Work request →
Lines to return, exactly: from the line with "Mandala seamless pattern" to the line with "Perla pera in" in the entries below, both included.

Record excerpts →

# # # # # # #

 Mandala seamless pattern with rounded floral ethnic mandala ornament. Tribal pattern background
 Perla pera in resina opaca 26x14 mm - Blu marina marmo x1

# # # # # # #

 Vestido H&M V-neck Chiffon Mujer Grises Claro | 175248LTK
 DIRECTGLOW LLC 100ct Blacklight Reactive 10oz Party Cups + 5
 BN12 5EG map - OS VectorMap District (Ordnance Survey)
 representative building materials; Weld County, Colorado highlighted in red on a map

# # # # # # #

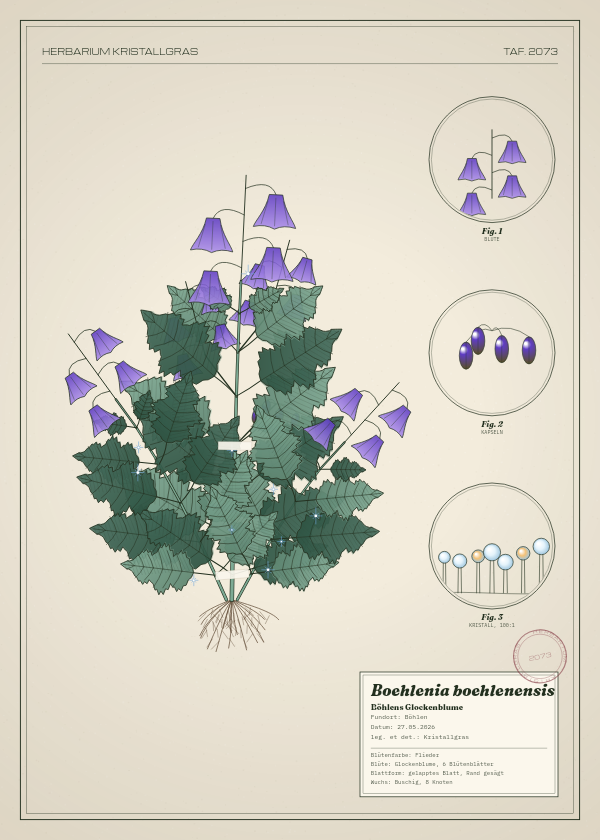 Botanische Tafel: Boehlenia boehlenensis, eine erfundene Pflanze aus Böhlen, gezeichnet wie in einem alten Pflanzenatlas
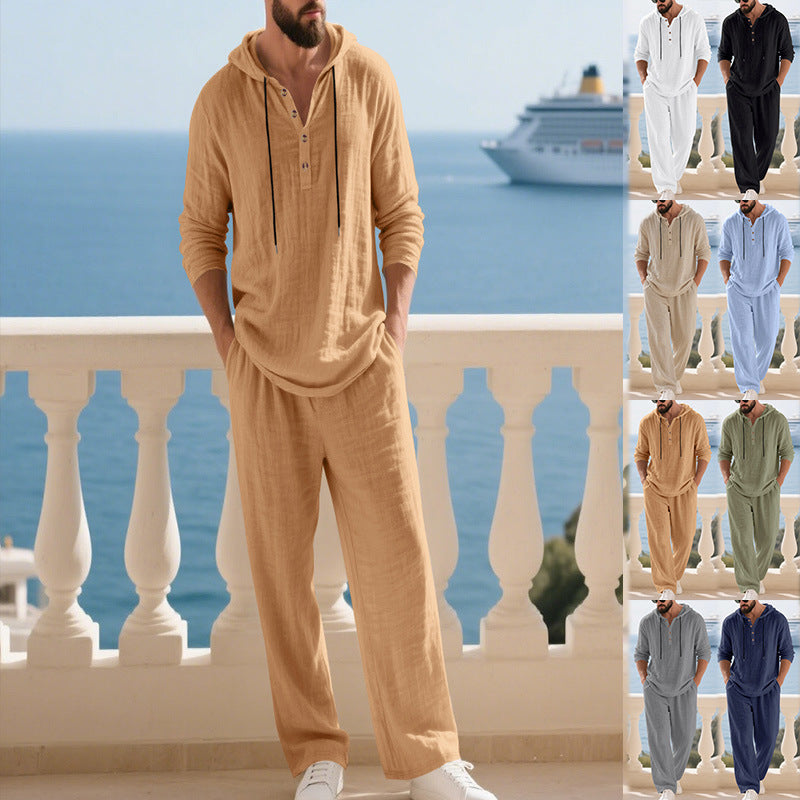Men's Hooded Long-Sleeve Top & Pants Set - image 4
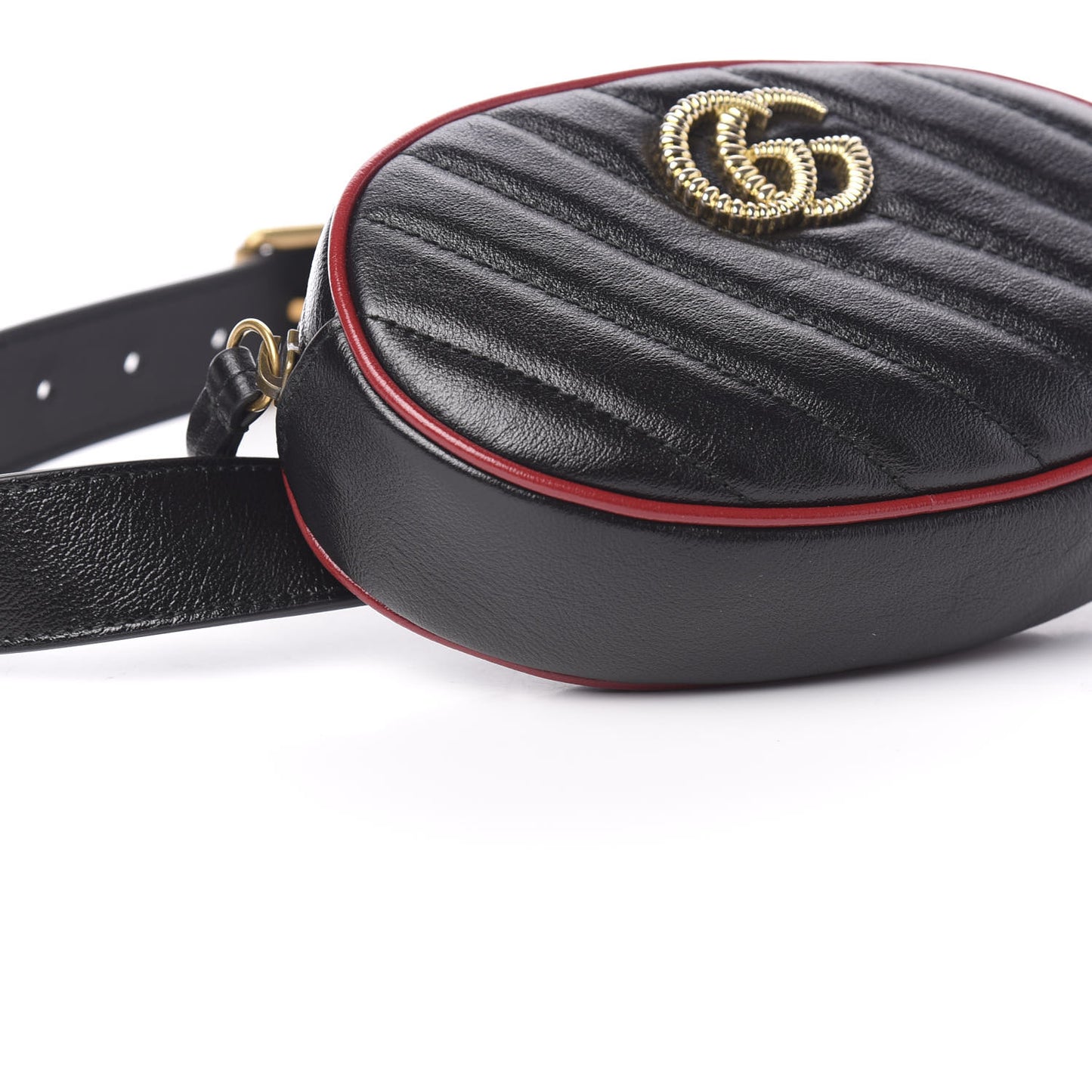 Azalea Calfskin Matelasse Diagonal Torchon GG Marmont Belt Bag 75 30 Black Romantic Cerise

# # # # # # #

Answer to the exercise →
 Mandala seamless pattern with rounded floral ethnic mandala ornament. Tribal pattern background
 Perla pera in resina opaca 26x14 mm - Blu marina marmo x1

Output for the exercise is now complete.